Mme V. est très claire. Elle explique au tribunal pourquoi elle a attendu plusieurs mois avant de porter plainte : « Qui va me croire, je fais des massages ? », « A deux, on pouvait être crues ».

Me Ovadia plaide sur les « faits » et le faisceau d’indices concordants, Laetitia Bernard quant à elle insiste sur la stratégie de M. A. et sur les conséquences de ces agressions sur les victimes. Elle rappelle également qu’il a déjà été condamné pour des faits identiques.

Le réquisitoire du procureur est exemplaire… jusqu’au prononcé des peines : « Ce dossier n’est pas contestable, pas fragile » même sans témoins directs ou preuves matérielles comme l’ADN. Il précise : « J’attendais une explication de M. A. mais il s’enferre dans un discours », « il est ridicule ». Et à l’attention des victimes : « On peut tout dire sur elles » mais les « mots sont simples », « elles ont besoin de justice, elles demandent à être entendues » et requiert… 10 à 12 mois d’emprisonnement avec sursis pour dit-il « une prise de conscience » !

Son avocat plaide le doute, précise qu’il existe une différence entre des avances et des agressions sexuelles.
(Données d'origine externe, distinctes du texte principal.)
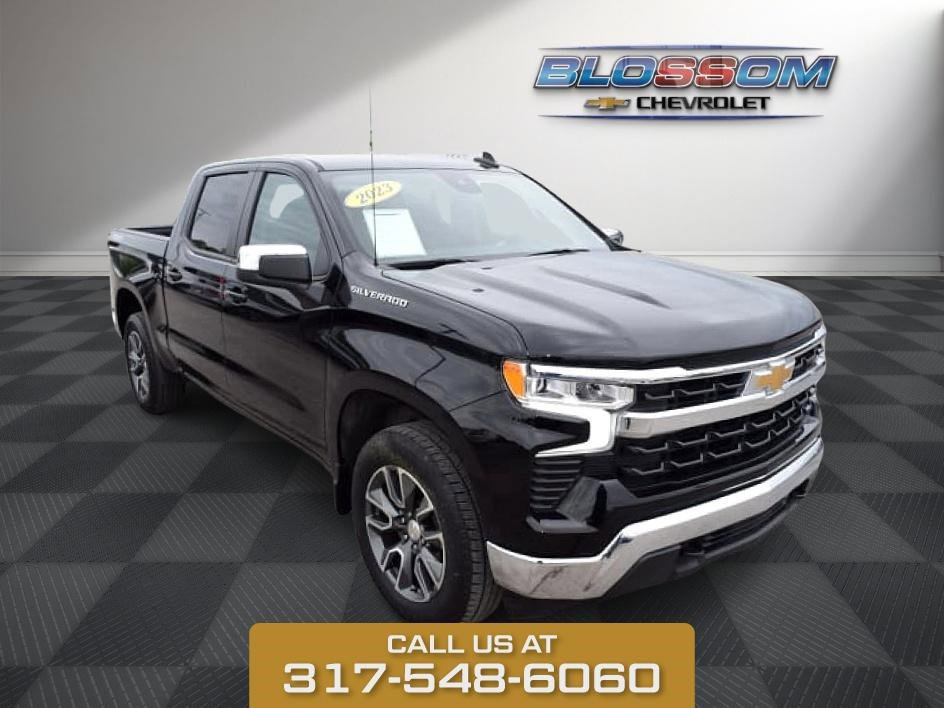 Used 2023 Black Chevrolet LT (2FL) image 1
Sa plaidoirie est beaucoup plus agressive concernant Mme P. absente à l’audience.

Le 23 octobre, M. A. est condamné à quatre mois d’emprisonnement avec sursis et 3000 euros d’amende. Il est, en outre, inscrit au FJNAAIS (Fichier Judiciaire National Automatisé des Auteurs d’Infractions Sexuelles).

M. A. est également condamné à indemniser Mme V. au titre de dommages et intérêts à hauteur de 1000 euros et 1500 euros au titre l’article 475-1 du CPP. Le préjudice de l’AVFT est lui indemnisé à hauteur de 1 euro !

M. A. n’a pas fait appel de la décision et compte tenu du faible quantum de la peine et du peu d’impact qu’elle aura sur sa vie, on le comprend. Le parquet n’a pas fait appel non plus, ce qui est moins compréhensible.